This visualization of the Sun's Alfvén surface, with regions below the surface shown using a total eclipse image from astronomer Miloslav Druckmüller, and regions above the surface shown in gray. The frothy/fractal shapes come from computer simulations made by PUNCH Co-I Rohit Chhiber, and they show how a given line extending away from the Sun can cross through the Alfvén surface multiple times.
PUNCH is about to get a close look at a “point-of-no-return” zone surrounding the Sun. Charged particles fly away from the Sun in the form of the steady solar wind and bursty coronal mass ejections (CMEs), and most of those particles escape all the way out past the planets of our solar system. Sometimes, though, particles fall back down, but only if they're below the Sun's Alfvén surface --- named after Nobel-Prize-winning physicist Hannes Alfvén. This surface has been theorized since the 1960s, but has only been explored directly since 2021, when NASA's Parker Solar Probe plunged through it for the first time.

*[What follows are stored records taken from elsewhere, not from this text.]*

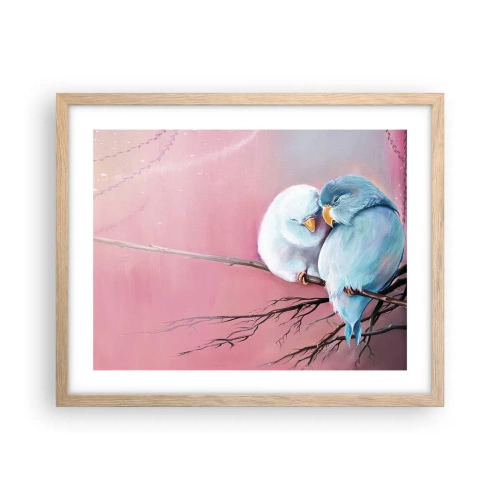 Plakát v rámu světlý dub - Co k tomu dodat?… - 50x40 cm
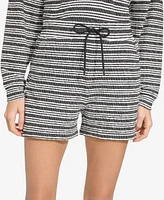 Andrew Marc Sport Women's Striped Knit Drawstring Shorts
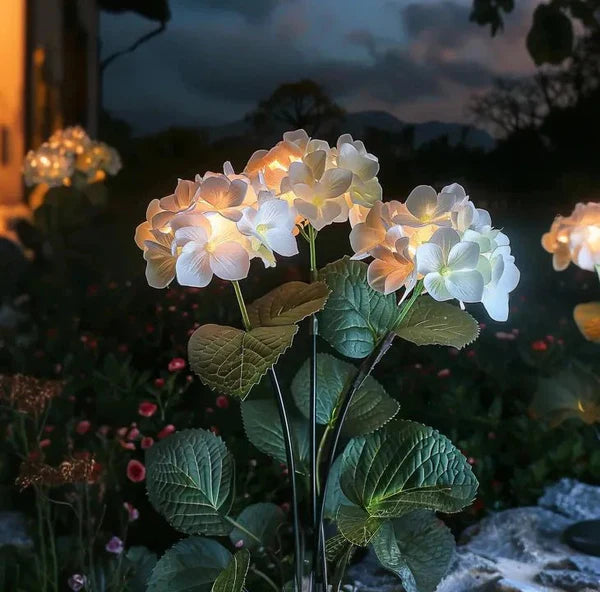 HYDRANGEALIVA – Décoration hortensia lumineuse pour espaces extérieurs élégants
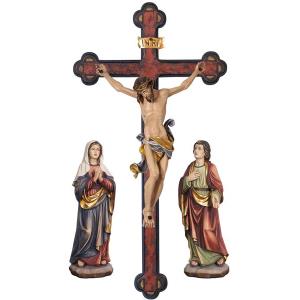 Crucifixion group Leonardo-cross baroque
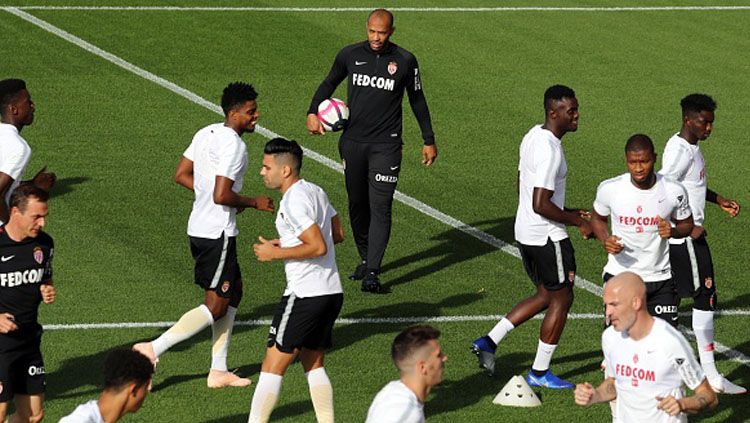 Thierry Henry, Pelatih AS Monaco. Copyright: &copy; Getty Images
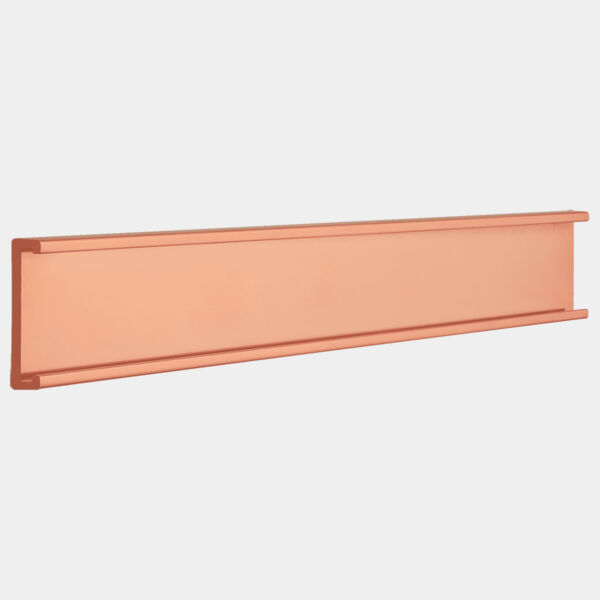 1" x 8", Polished , Kota Pro Aluminum Wall Bracket without Mounting Holes, Fits 1/16" Thick Plastic Insert Thumbnail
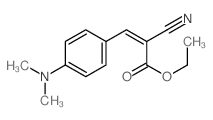 2-氰基-3-[4-(二甲氨基)苯基]丙烯酸乙酯结构式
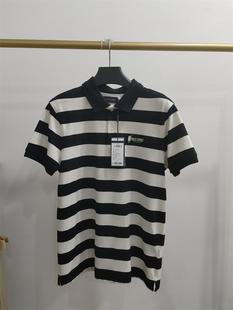 190码polosport专柜男士夏款翻领条纹短袖polo衫AF4P32201101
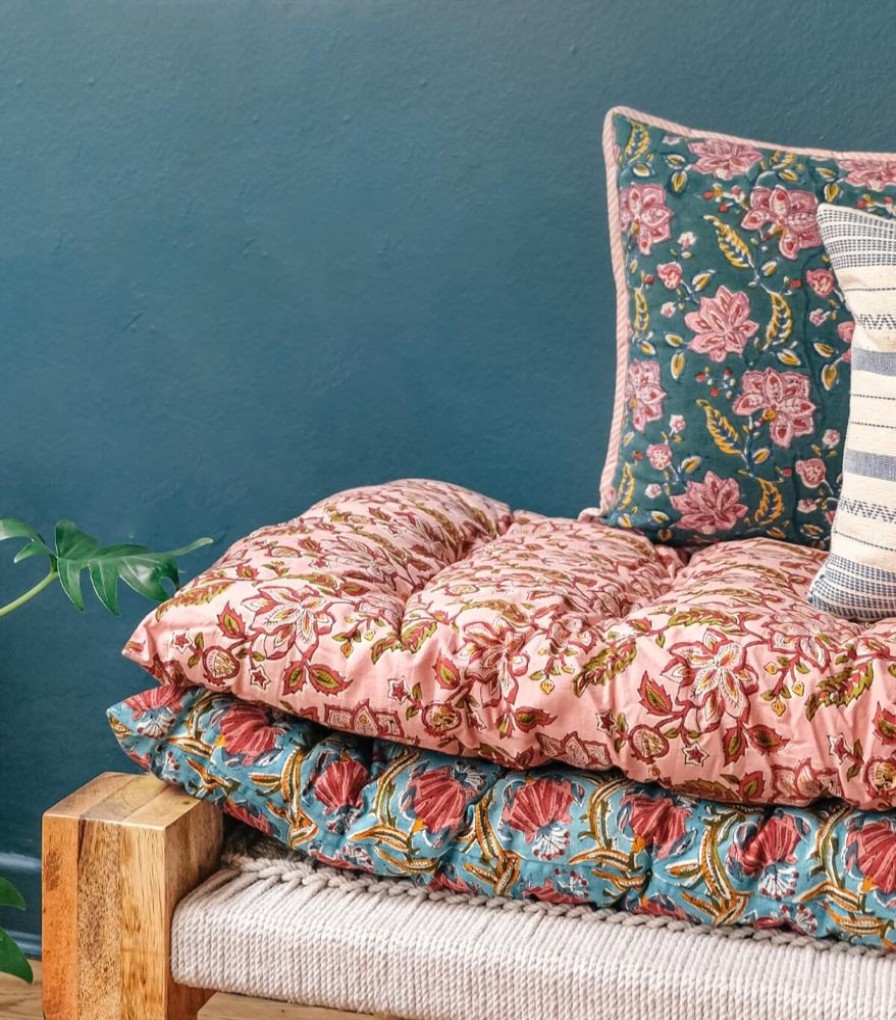 Deco & Linge De Maison Jamini | Matelas D'Assise Rang Rose Pale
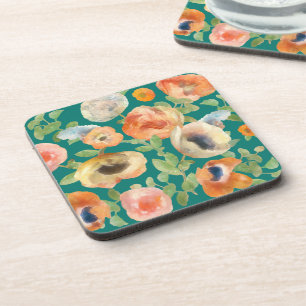 Posavasos Flores de primavera naranja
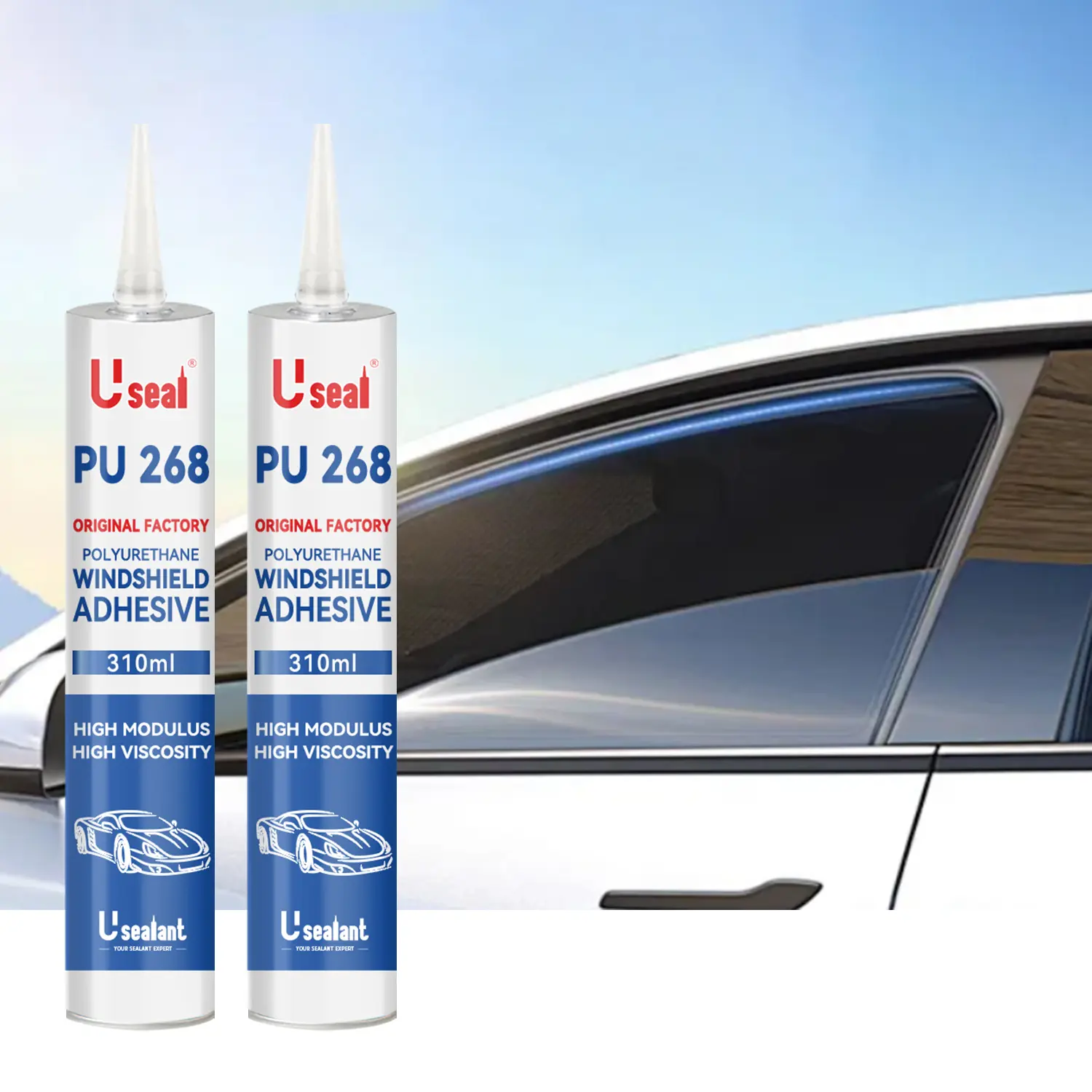 PU 268 Original Factory Automotive Seal Glass Adhesive Fast Urethane Black Cartridge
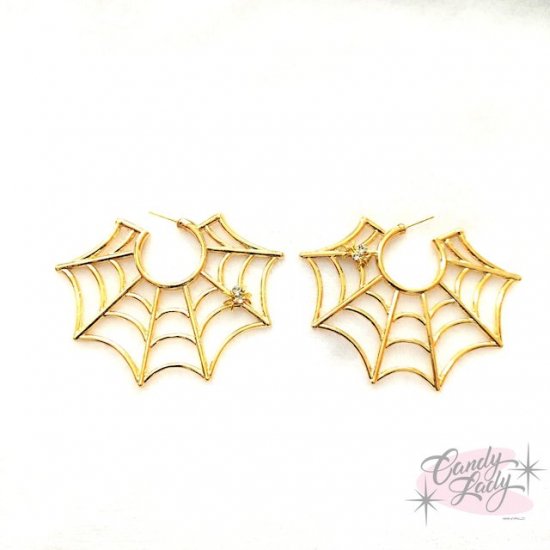 Candy Lady Spider Web  Pierce (Gold/Silver 2Ÿ)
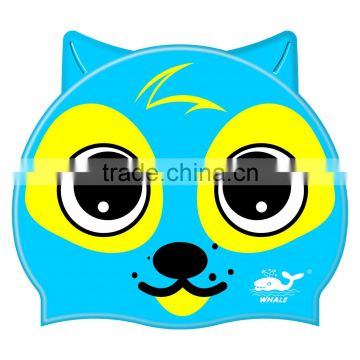 Animal custom high quality competitive kids swimming caps(CAP-1613)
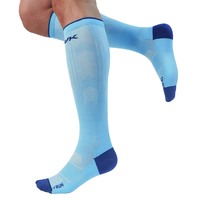 Chaussettes de compression sportives professionnelles respirantes, anti-choc, antibactériennes, pour la course à pied longue distance et le fitness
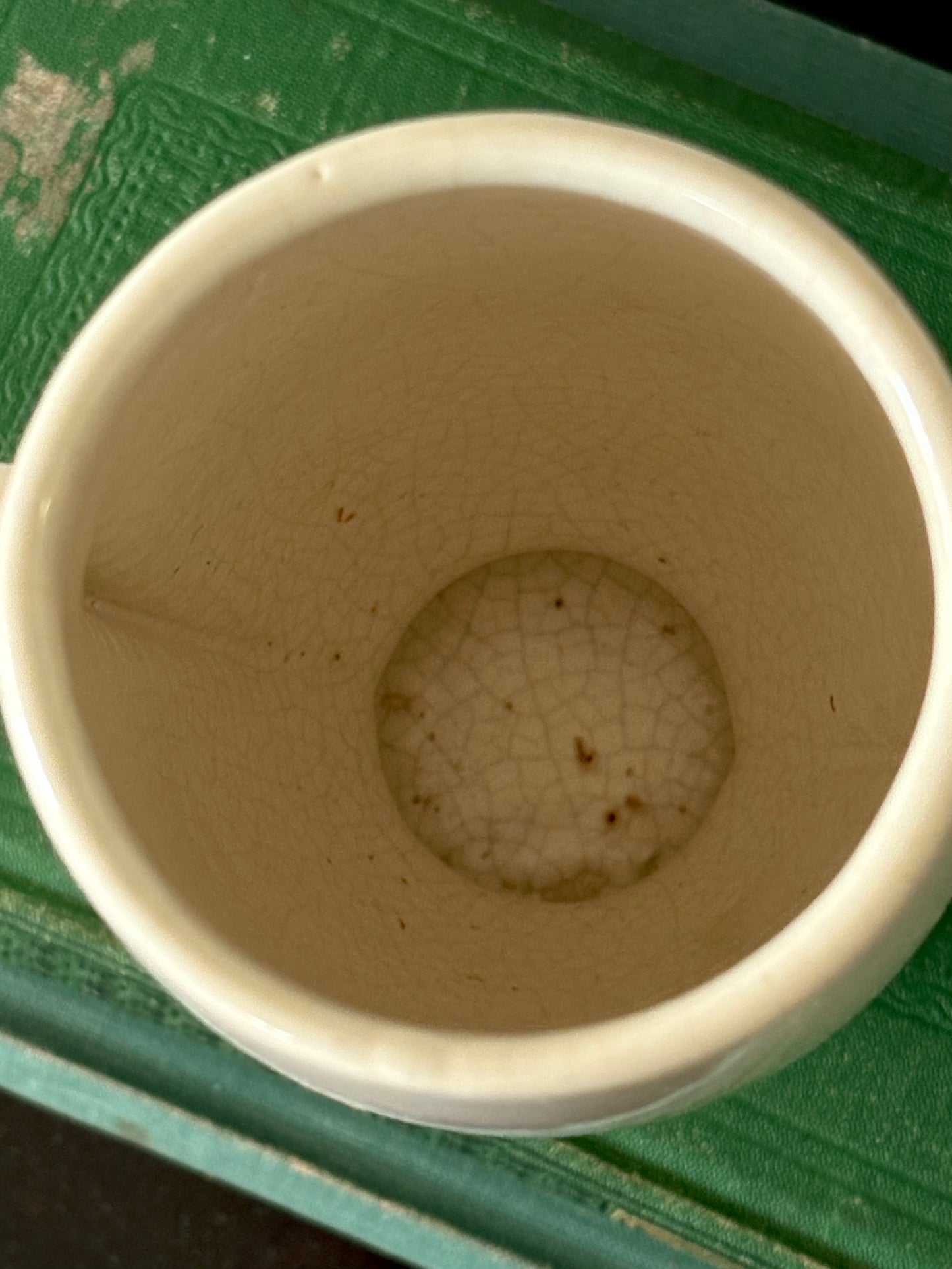 vintage white Art Deco vase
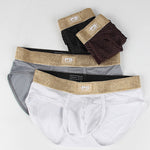 3 Pack Men's Quick-Dry Highly Elastic Briefs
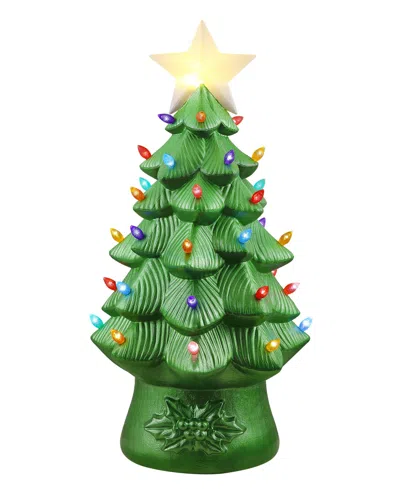 Mr. Christmas Blow Mold Nostalgic Tree In Green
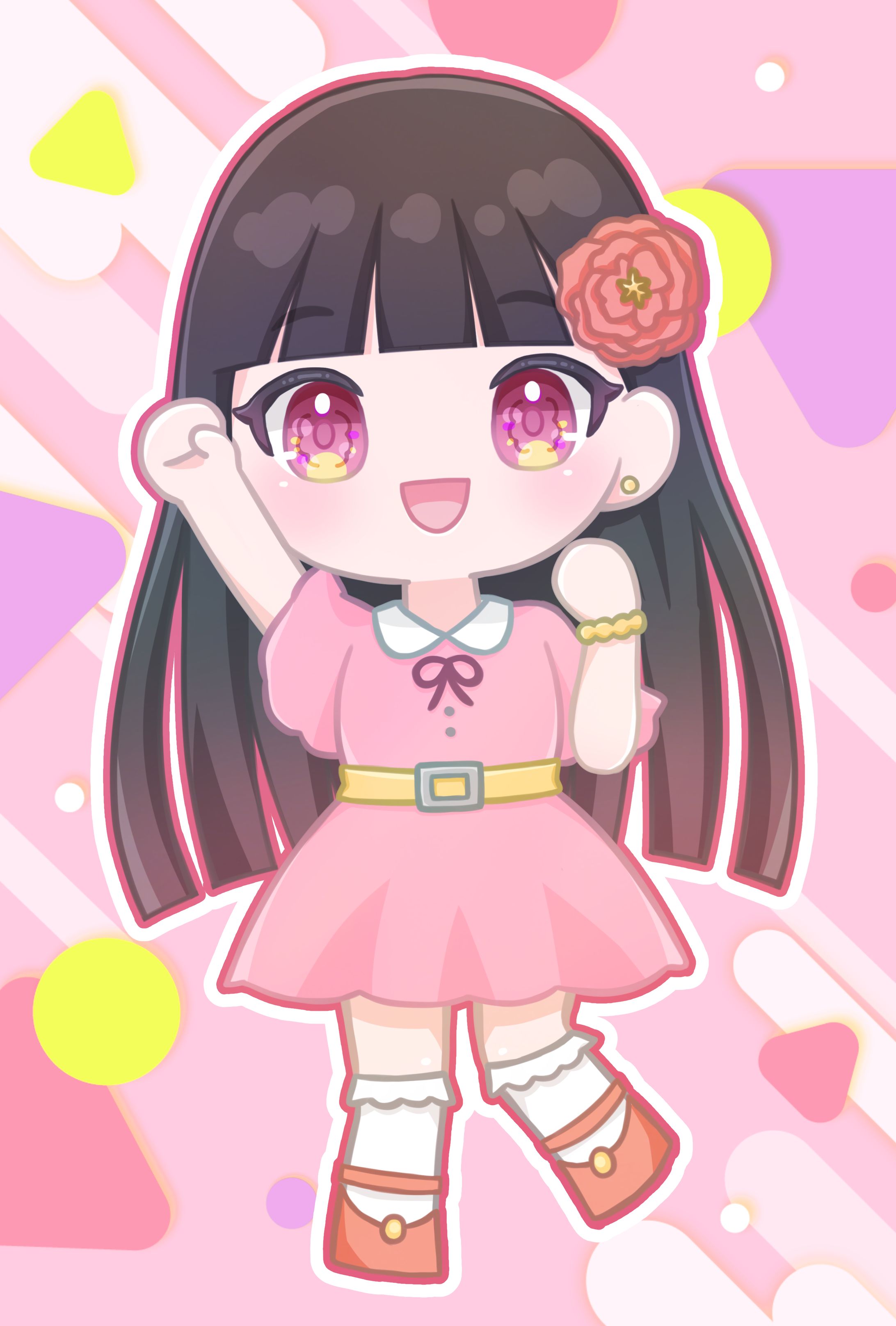 Illust／Pink Girl-1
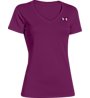 Under Armour UA Tech V-Neck T-shirt, Aubergine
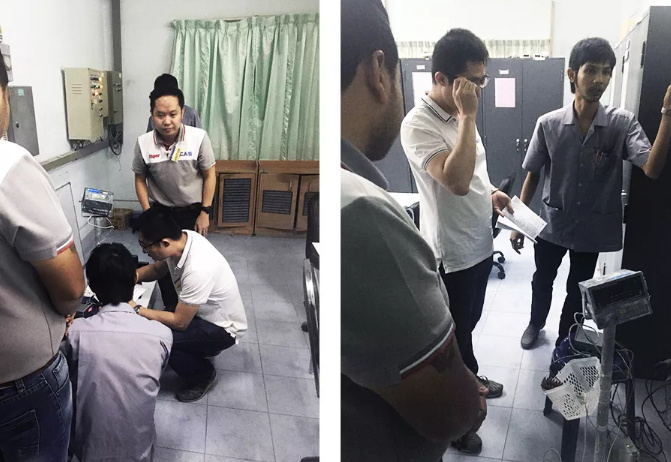 杰曼泰國現(xiàn)場(chǎng)進(jìn)行技術(shù)指導(dǎo)交流工作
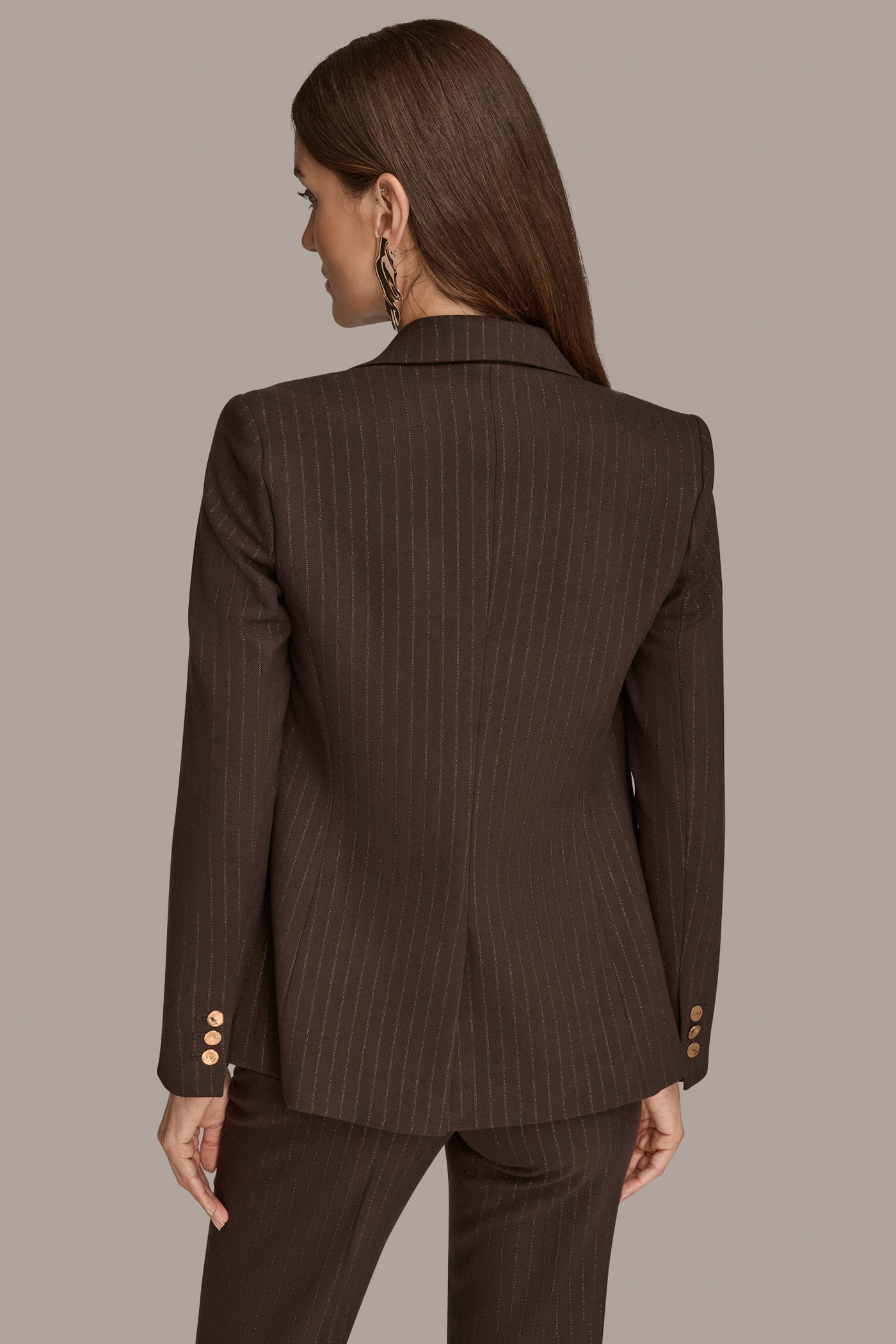 LUREX ONE BUTTON JACKET | View 2 | New Arrivals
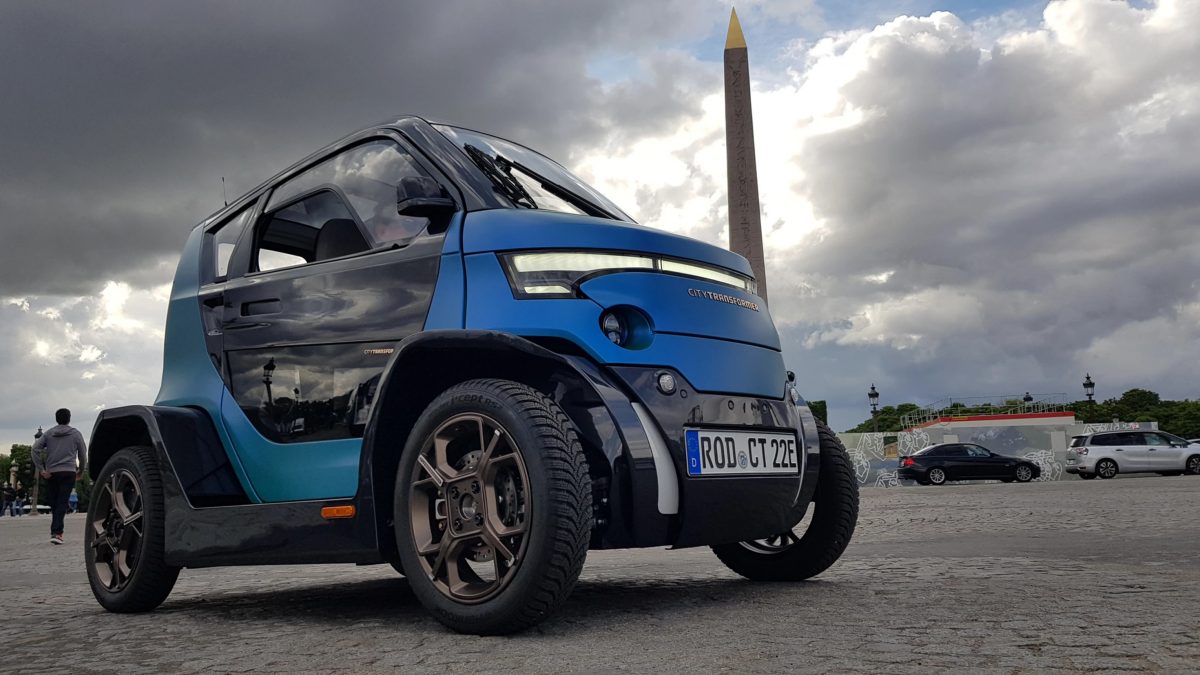 Mondial de l'Automobile: le boom des petites voitures électriques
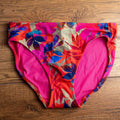 Fantasie pink bikini bottoms vibrant floral pattern, brand new with tags, size small.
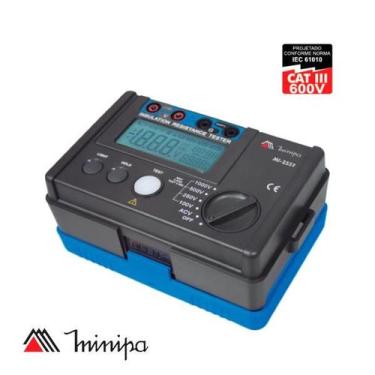Imagem de Megometro profissional digital catiii 600v minipa mi-2552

PUNCH will essentially observe this zone 24/7 by measuring the motions of tiny blobs (“leaves in the wind”) that flow down toward the Sun. It will also see whether this surface is relatively smooth, like a bubble, or whether its shape is intermittent and "frothy," as illustrated above. PUNCH. In preparation for these new observations, Co-Investigator Steven Cranmer and colleagues have reviewed the current state of our understanding of the Alfvén surface as our first featured paper from the Solar Physics PUNCH Mission Overview Topical Issue, providing context and guidance for PUNCH we learn about this elusive region of space.